About Corporation Tax (CT)
Corporation Tax is the main direct tax levied on the profit of a company in Ireland.
Companies may also be subject to income tax, capital gains tax (CGT) and Stamp Duty.
Corporation tax is assessed on the profits of a company for an accounting period. An accounting period cannot exceed twelve months.
Determining a company’s liability to corporation tax in Ireland has become an extremely topical subject in recent years. Also, the international tax climate has thrown a number of variables into the equation including US tax reform (Corporation Tax reduction from 35% to 21%), Brexit, the EU push for a common corporate tax base (CCCTB) and the OECD BEPS programme.
Ireland taxes the Worldwide profits of Irish incorporated companies and normally gives credit against Irish tax, for any foreign corporate tax incurred. This means that an Irish company which has a branch located in another country e.g. Germany, is likely to be subject to tax on its profits in Germany. The Irish company when completing its corporate tax return will include the foreign branch profits as taxable profits. Although tax will already have been paid on these branch profits in Germany, Irish tax will apply, with a credit available for the tax paid in Germany.
A company which is incorporated in Ireland after 1st January 2015, is deemed to be tax resident in Ireland and therefore liable to corporation tax.

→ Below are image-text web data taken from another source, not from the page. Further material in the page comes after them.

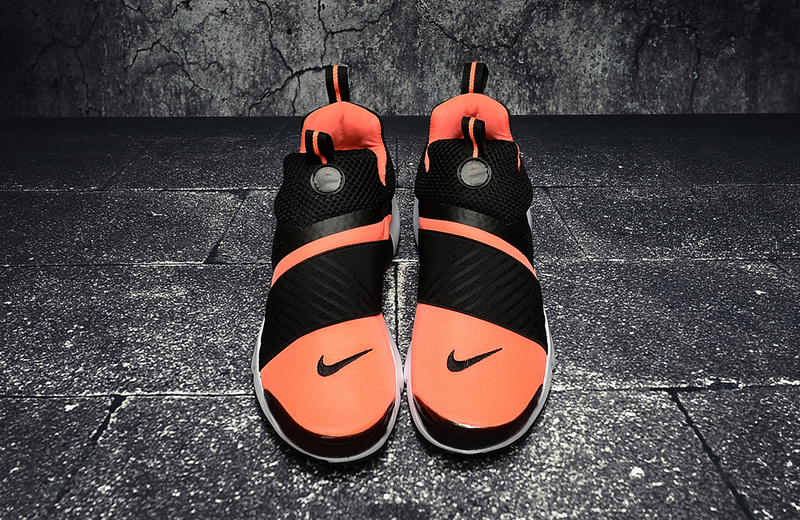 lacet orange fluo nike
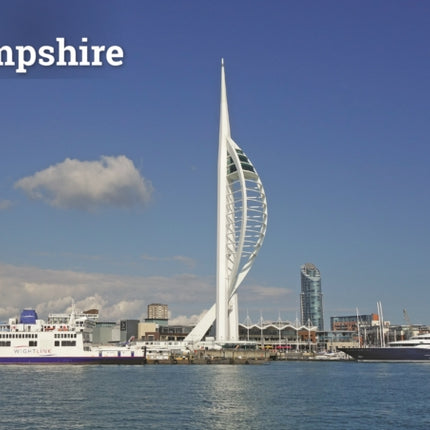Hampshire A4 Calendar 2026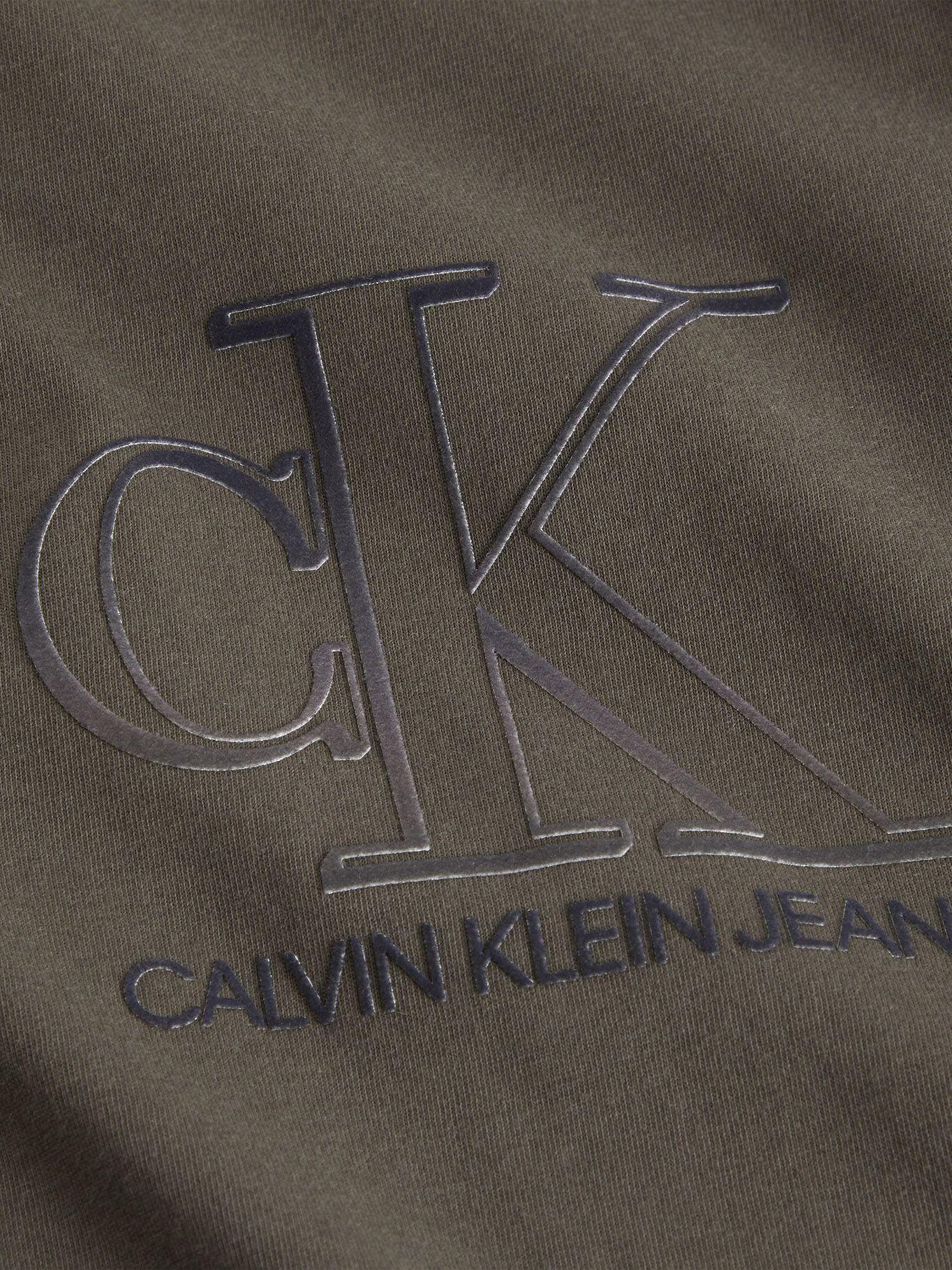 Polera Degrade Bold Verde Olivo Calvin Klein-2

This change in legislation closed a loophole in the Irish tax code which received much adverse publicity.
A company not incorporated in Ireland may still be deemed registered in Ireland if the organisation core management and control functions are performed in Ireland.
This is a complex area on which the merits of each case must be considered fully prior to making a determination on tax residency.
The main body of legislation governing the taxation of companies in Ireland is the Tax Consolidation Act 1997 (TCA’97).